- **Work item**
Within the entries below, please retype exactly the lines starting with the line that has "Ferndale NY-New York, Scenic" and going on through the line that has "Pack of 2 Cheesecloth", but not the pictures.

- **Input**
::::::
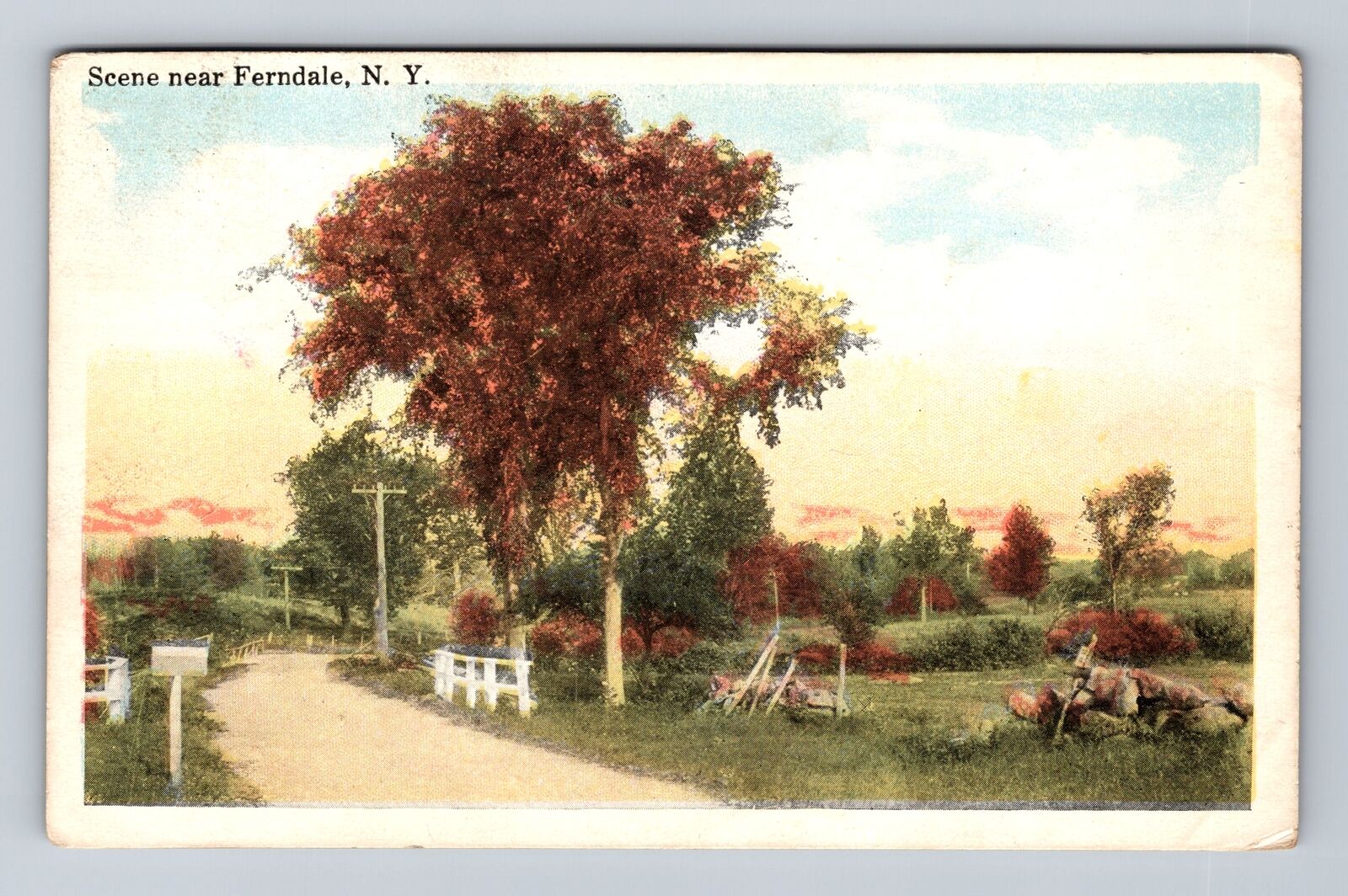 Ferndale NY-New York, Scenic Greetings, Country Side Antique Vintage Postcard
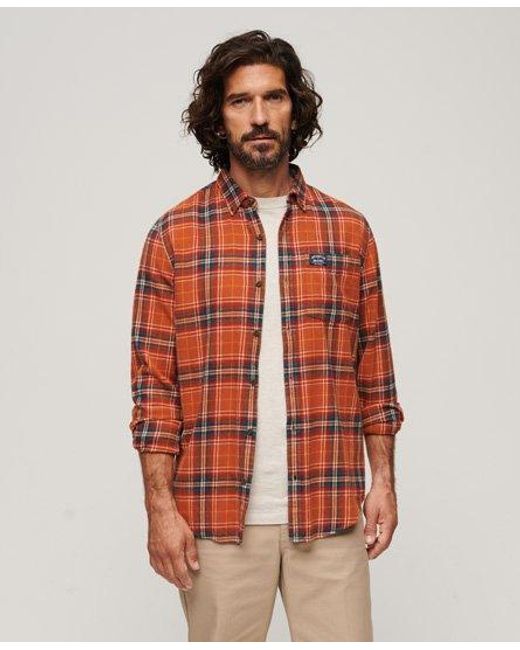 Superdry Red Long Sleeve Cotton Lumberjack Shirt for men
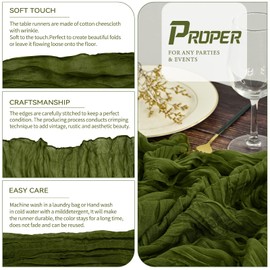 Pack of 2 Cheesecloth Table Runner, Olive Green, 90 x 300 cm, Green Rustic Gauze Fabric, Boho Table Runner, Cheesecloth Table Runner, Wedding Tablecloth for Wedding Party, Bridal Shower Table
::::::
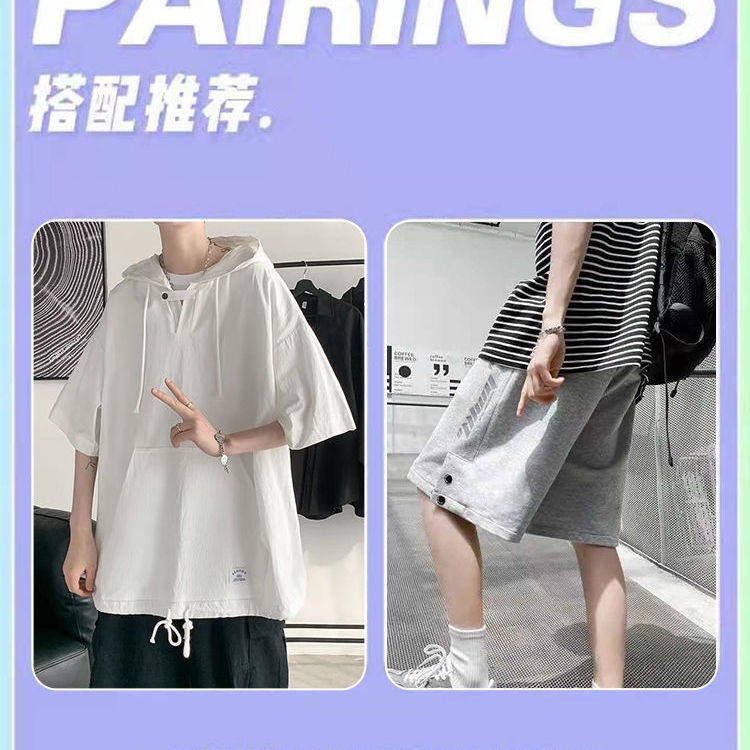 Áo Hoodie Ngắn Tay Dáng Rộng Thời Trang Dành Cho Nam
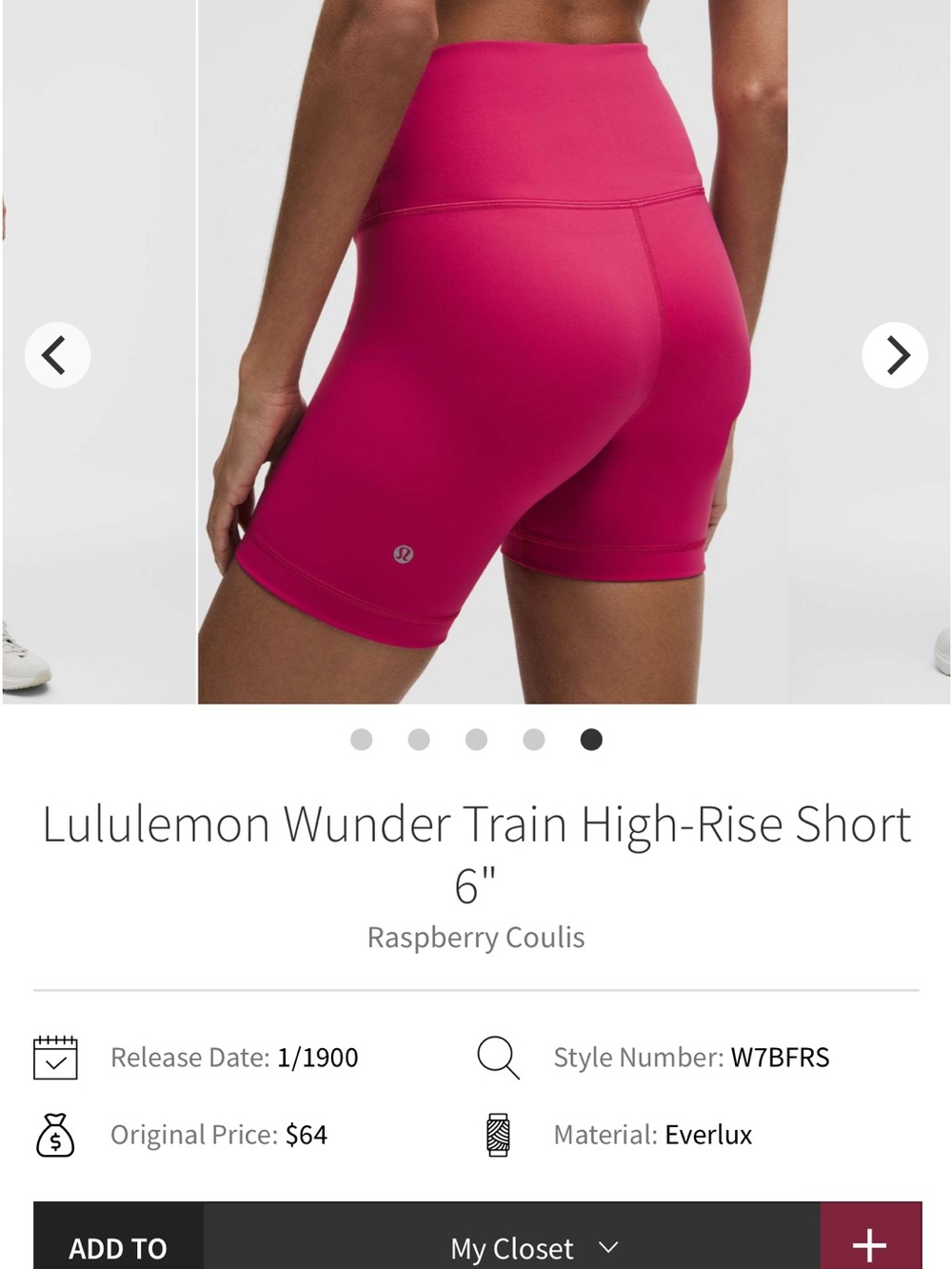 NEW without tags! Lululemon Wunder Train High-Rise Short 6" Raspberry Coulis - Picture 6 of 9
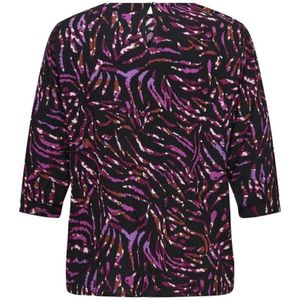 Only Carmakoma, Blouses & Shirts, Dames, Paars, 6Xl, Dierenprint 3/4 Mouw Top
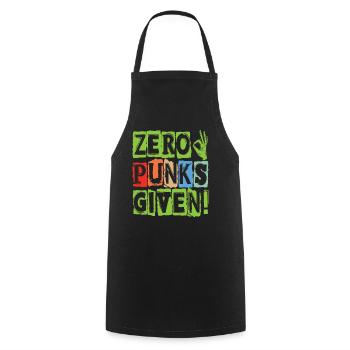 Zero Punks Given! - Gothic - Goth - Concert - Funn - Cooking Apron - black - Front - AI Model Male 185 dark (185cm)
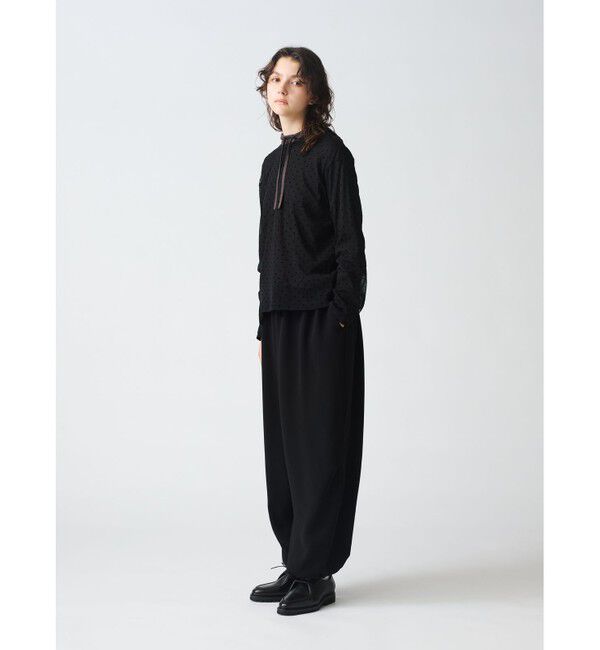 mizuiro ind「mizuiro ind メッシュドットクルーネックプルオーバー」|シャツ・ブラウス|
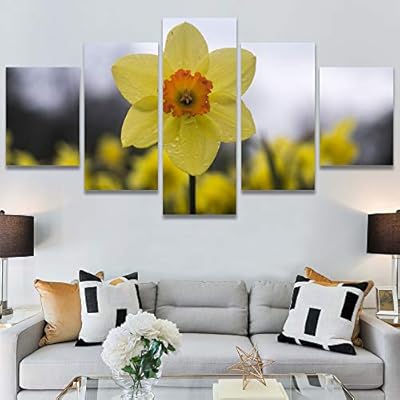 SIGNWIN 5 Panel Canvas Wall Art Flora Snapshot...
::::::
- **The answer**
 Ferndale NY-New York, Scenic Greetings, Country Side Antique Vintage Postcard
 Superdry Red Long Sleeve Cotton Lumberjack Shirt for men
 Pack of 2 Cheesecloth Table Runner, Olive Green, 90 x 300 cm, Green Rustic Gauze Fabric, Boho Table Runner, Cheesecloth Table Runner, Wedding Tablecloth for Wedding Party, Bridal Shower Table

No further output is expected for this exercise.